*To do*. After locating the line with "QUALITY MOTORS, INC. Chevrolet Salmon" in the data that follows, return it and every later line exactly, up to and including the line with "Комплект шторы и тюль 130/242 б/у".

Extracted records

*** Begin section ***

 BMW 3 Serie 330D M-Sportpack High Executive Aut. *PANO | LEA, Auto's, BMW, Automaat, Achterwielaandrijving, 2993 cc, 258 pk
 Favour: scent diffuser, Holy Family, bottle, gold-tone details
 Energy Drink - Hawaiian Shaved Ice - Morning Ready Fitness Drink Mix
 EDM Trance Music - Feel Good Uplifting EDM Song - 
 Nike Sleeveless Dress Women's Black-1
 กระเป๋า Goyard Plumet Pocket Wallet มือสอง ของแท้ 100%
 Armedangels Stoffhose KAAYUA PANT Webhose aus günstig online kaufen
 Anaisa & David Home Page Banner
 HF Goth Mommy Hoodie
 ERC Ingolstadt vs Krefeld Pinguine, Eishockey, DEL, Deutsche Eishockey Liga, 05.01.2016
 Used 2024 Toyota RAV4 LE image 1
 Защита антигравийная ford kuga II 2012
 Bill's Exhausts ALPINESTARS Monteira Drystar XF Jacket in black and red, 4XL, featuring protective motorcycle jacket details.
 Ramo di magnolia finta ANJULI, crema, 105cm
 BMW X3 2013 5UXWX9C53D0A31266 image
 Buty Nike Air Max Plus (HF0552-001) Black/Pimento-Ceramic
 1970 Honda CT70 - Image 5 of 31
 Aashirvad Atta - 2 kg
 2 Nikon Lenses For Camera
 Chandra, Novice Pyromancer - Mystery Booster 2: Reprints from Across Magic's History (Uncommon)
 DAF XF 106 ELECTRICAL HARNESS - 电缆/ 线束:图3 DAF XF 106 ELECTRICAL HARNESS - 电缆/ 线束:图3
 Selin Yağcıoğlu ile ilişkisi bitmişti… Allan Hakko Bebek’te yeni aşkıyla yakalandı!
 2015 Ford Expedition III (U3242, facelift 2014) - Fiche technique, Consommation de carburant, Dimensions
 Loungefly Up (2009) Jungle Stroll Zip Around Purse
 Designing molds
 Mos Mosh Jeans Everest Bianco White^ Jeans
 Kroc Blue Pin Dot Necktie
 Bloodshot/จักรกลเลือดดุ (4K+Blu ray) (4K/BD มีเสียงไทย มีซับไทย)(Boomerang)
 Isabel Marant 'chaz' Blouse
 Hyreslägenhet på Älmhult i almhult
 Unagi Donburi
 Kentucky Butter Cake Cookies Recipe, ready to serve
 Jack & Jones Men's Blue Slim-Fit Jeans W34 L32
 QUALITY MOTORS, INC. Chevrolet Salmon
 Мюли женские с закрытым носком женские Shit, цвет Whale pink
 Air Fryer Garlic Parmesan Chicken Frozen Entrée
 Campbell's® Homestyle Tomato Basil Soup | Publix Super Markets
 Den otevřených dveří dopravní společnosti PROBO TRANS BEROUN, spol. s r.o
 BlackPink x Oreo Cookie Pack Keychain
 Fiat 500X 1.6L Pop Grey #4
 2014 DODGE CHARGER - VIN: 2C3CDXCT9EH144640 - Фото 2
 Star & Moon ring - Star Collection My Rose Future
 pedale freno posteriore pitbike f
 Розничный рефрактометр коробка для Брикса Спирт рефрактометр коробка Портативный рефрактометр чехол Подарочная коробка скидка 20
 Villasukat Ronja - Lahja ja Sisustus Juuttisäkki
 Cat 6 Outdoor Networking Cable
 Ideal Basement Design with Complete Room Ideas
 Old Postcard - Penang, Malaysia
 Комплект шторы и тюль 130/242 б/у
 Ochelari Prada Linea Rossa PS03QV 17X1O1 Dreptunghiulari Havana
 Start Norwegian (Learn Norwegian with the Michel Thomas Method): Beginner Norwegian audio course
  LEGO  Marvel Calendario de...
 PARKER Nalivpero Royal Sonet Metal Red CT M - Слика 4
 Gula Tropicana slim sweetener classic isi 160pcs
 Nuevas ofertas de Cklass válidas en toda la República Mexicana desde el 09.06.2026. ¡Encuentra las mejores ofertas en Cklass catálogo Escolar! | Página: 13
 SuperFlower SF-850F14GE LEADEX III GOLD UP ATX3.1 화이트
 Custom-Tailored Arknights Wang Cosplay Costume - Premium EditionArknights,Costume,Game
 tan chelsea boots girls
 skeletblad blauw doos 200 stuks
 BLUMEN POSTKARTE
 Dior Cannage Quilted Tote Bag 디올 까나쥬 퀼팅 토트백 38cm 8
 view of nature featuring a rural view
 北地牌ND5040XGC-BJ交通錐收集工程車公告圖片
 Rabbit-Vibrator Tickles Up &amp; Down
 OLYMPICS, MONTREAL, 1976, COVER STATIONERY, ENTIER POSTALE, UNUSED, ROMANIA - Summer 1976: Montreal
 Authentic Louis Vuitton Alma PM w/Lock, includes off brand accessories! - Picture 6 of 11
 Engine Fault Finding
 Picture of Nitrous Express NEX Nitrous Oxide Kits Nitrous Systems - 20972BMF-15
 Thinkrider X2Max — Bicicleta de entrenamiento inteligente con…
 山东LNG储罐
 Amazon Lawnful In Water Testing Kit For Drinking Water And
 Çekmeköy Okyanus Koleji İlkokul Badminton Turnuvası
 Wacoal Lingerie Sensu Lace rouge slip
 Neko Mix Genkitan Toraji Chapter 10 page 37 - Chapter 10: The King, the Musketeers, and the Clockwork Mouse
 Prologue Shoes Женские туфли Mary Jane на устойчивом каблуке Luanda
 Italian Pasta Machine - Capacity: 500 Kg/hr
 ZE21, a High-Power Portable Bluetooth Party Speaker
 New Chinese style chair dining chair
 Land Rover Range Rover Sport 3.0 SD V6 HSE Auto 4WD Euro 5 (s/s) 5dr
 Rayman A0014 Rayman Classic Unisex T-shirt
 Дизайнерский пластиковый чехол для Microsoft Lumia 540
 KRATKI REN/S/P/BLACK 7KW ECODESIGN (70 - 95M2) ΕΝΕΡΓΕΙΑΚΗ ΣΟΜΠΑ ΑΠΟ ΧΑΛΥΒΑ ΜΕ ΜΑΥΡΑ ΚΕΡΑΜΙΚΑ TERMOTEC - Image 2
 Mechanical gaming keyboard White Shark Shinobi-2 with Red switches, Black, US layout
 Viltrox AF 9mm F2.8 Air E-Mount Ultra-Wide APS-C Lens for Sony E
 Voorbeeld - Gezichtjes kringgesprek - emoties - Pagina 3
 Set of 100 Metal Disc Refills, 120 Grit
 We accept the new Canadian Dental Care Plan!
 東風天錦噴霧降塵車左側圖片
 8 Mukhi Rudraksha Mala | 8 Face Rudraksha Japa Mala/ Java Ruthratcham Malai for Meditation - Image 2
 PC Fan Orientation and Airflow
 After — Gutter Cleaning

*** End section ***

*Exercise answer*.
 QUALITY MOTORS, INC. Chevrolet Salmon
 Мюли женские с закрытым носком женские Shit, цвет Whale pink
 Air Fryer Garlic Parmesan Chicken Frozen Entrée
 Campbell's® Homestyle Tomato Basil Soup | Publix Super Markets
 Den otevřených dveří dopravní společnosti PROBO TRANS BEROUN, spol. s r.o
 BlackPink x Oreo Cookie Pack Keychain
 Fiat 500X 1.6L Pop Grey #4
 2014 DODGE CHARGER - VIN: 2C3CDXCT9EH144640 - Фото 2
 Star & Moon ring - Star Collection My Rose Future
 pedale freno posteriore pitbike f
 Розничный рефрактометр коробка для Брикса Спирт рефрактометр коробка Портативный рефрактометр чехол Подарочная коробка скидка 20
 Villasukat Ronja - Lahja ja Sisustus Juuttisäkki
 Cat 6 Outdoor Networking Cable
 Ideal Basement Design with Complete Room Ideas
 Old Postcard - Penang, Malaysia
 Комплект шторы и тюль 130/242 б/у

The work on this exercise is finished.